Set down the listing exactly as given, minus images.

The data:
__________________________________________________
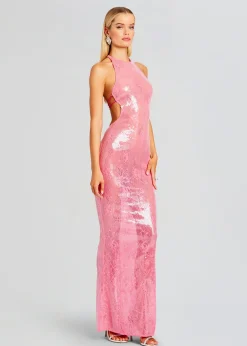 Retrofete Shivonne Sequin Lace Dress Paradise Pink Sale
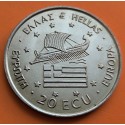 GRECIA 20 ECU 1993 BARCO ANTIGUO y ALEJANDRO MAGNO KM.X.33 MONEDA DE NICKEL SC- Greece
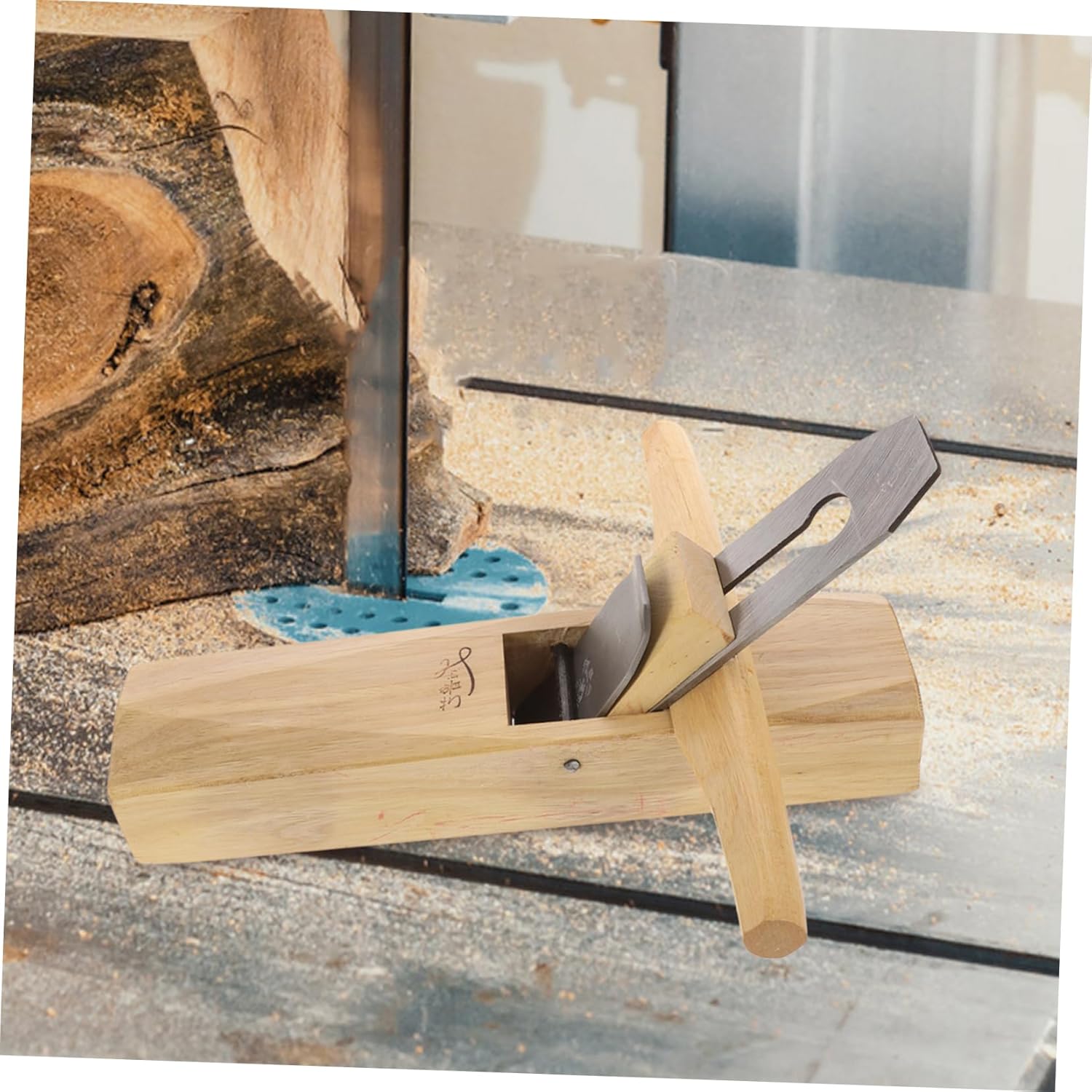 Lurrose Hand Planer Tool for Woodworking Extended Push Operation Multi-thickness Planer Safety Stability for Woodworkers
__________________________________________________
Your response:
 Retrofete Shivonne Sequin Lace Dress Paradise Pink Sale
 GRECIA 20 ECU 1993 BARCO ANTIGUO y ALEJANDRO MAGNO KM.X.33 MONEDA DE NICKEL SC- Greece
 Lurrose Hand Planer Tool for Woodworking Extended Push Operation Multi-thickness Planer Safety Stability for Woodworkers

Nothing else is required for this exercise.